How did people manage the vast changes and difficulties during World War I? How did governments boost morale at times of deepest depression? How did children cope with the war? Enduring War: Grief, Grit and Humour at the British Library answers all these questions and more and Decoded Past speaks to curator Dr Matthew Shaw in an exclusive interview.
Enduring War: Grief, Grit and Humour is part of the British Library’s programme of events to mark the centenary of the First World War. Cartoons and posters, post cards and Christmas cards, correspondence, poetry, books, pamphlets and manuscripts from the period show how people coped with life during World War I.
From moments of patriotic fervour to times of darkest despair, these items show the grief, grit and humour of people both at home and on the Front.
Enduring War: Grief, Grit and Humour also showcases the British Library’s involvement in Europeana 1914-1918, a major pan-European programme to digitise over 400,000 items from World War One.

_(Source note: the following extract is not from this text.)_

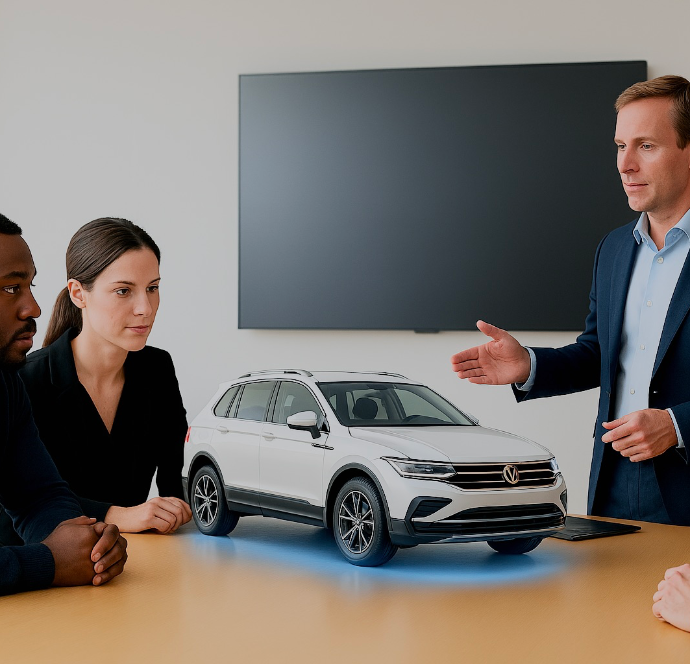 A salesman selling with a car hologram in front of them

Personal Views and Momentos of War
A young schoolboy’s account of an airship raid over London shows how Britain, and Londoners in particular, were not ready for the Zeppelin airship raids. Most of the boys, aged between nine and thirteen, were either playing out in the streets or preparing for bed. The account shows this boy’s fear and excitement as well as his response to the injured people around him and the damage to surrounding buildings.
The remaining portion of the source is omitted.